Data-Driven Code Generation of Unit Tests Part 5: Closing Thoughts

This post is part 5/5 of my Data-Driven Code Generation of Unit Tests series.

In the previous posts in this series, I walked through the idea of performing data-driven code generation for unit tests, as well as how I implemented it in three different programming languages and build systems. This post contains some final thoughts about the effort.

Was it worth it?

Almost certainly. Although it required substantial up-front effort to set up the unit test generators, this approach found numerous, previously-undetected bugs both within my implementation of the calculation library as well as with legacy implementations. It is straightforward to write code generators that test all possible combinations of parameters to the calculations, ensuring that the resulting code coverage is excellent. Adding tests for a new calculation is as straightforward as adding a line to a single file.

Which build system was easiest for integrating code generation?

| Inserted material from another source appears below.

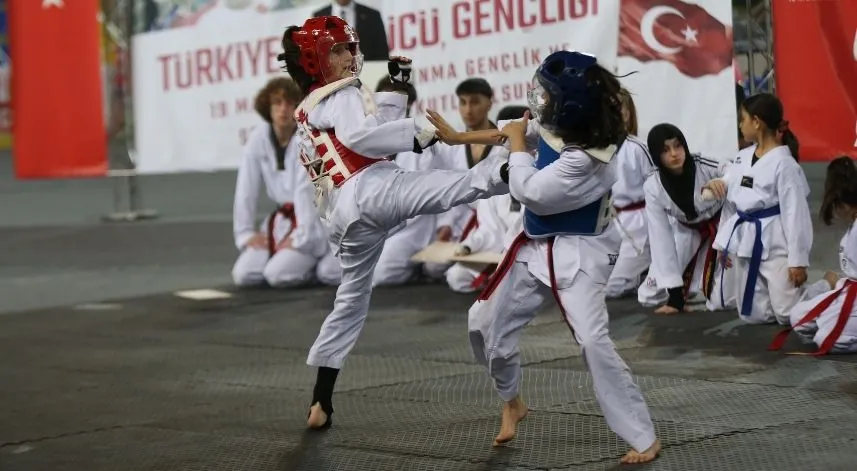 Rize’de 19 Mayıs Atatürk'ü Anma Gençlik ve Spor Bayramı kutlandı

Visual Studio/MSBuild (it is basically out of the box)
Maven
CMake

Which templating language was the best?

Jinja2/T4 (tied)
StringTemplate (a distant 3rd; I would strongly consider evaluating alternative templating languages for generating Java code)

What’s next?

Code generation opens up a vast number of possibilities for future enhancements. The existing code generators could be improved to only generate code when something changes in order to improve compilation times. More unit tests could be defined within the code generator templates to test invalid parameters, NaNs, etc. Binding libraries (e.g. wrapping the Java calculation library in a set of Spark SQL user-defined aggregates, or the C++ library into a set of PostgreSQL user-defined aggregates) can all be code generated from the same metadata.csv (more on this later).